Kwetsbaar voor handelsbeperkende maatregelen
De verhoudingen binnen de wereldeconomie zijn voortdurend aan verandering onderhevig. Mondiale machtsverhoudingen verschuiven en de laatste jaren wint protectionisme aan terrein. Uit de vandaag verschenen DNB Occasional Study volgt dat deze veranderingen slecht nieuws zijn voor de Nederlandse economie: circa 40% van de Nederlandse toegevoegde waarde die met uitvoer wordt verdiend, is kwetsbaar voor handelsbeperkende maatregelen.
Scepsis over vrijhandel neemt toe
De DNB Occasional Study identificeert drie drijfveren die ten grondslag liggen aan het opkomende protectionisme. Ten eerste zijn mondiale machtsverhoudingen verschoven en onder druk komen te staan.
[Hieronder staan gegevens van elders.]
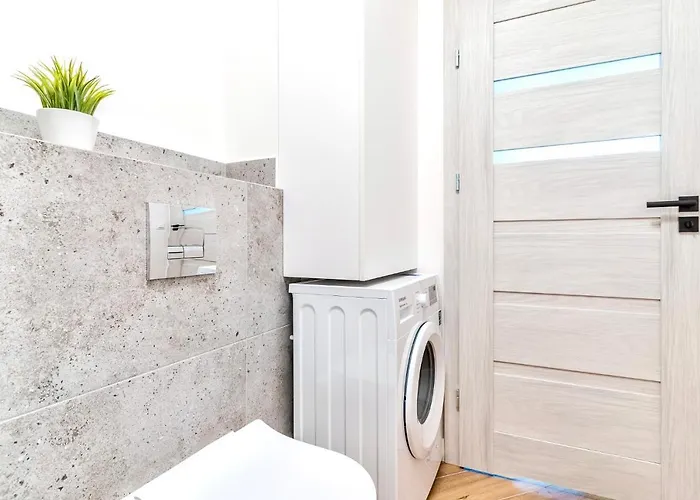 Nowe Rozewie 1 - Lynda Jastrzębia Góra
Ten tweede heeft de Wereldhandelsorganisatie (WTO), die gericht is op bevordering van vrijhandel, en haar agenda zich onvoldoende aangepast een de veranderingen binnen de wereldeconomie. De WTO is hierdoor minder effectief in het voorkomen en bestrijden van protectionisme. Ten slotte is de scepsis tegenover vrijhandel toegenomen. Een toenemend aantal mensen in veel ontwikkelde landen - ook binnen de EU - gelooft dat vrijhandel weliswaar goed is voor hun land als geheel, maar niet voor hun persoonlijke welzijn.
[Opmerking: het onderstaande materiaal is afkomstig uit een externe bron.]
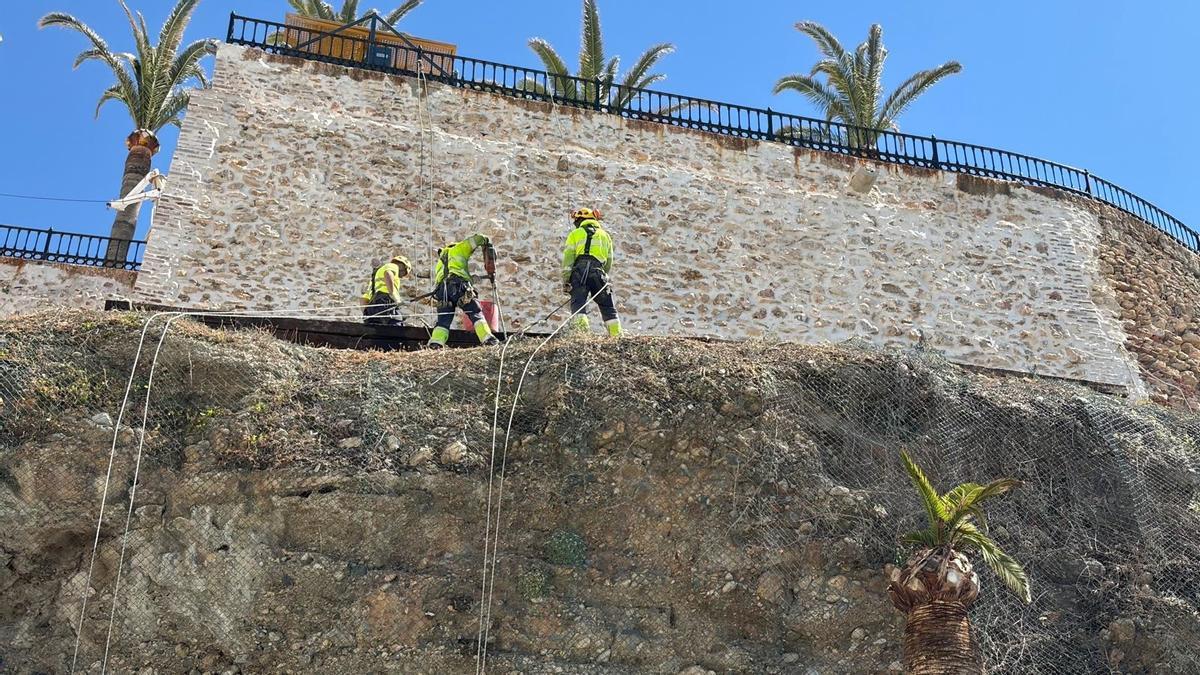Nerja ha iniciado las obras de estabilización parcial del talud del Balcón de Europa.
In de economische handelstheorie worden de verliezen van vrijhandel, zoals baanverlies of lagere lonen, weliswaar erkend, maar vooral als een tijdelijk overgangsprobleem beschouwd. Verliest iemand zijn baan in een bepaalde importsector, dan stapt die persoon ‘in theorie’ simpelweg over naar een baan in een florerende exportsector. In de realiteit blijken mensen bij het verliezen van een baan veel minder bereid om te verhuizen naar een andere plaats of over te stappen naar een andere sector dan werd aangenomen. Bovendien specialiseren landen zich door de opkomst van mondiale waardeketens steeds meer in taken dan in sectoren. Hierdoor zijn de aanpassingskosten voor de verliezers toegenomen, omdat de kosten van een transitie naar een andere beroepsgroep groter zijn dan die van een overgang naar hetzelfde beroep binnen een andere sector.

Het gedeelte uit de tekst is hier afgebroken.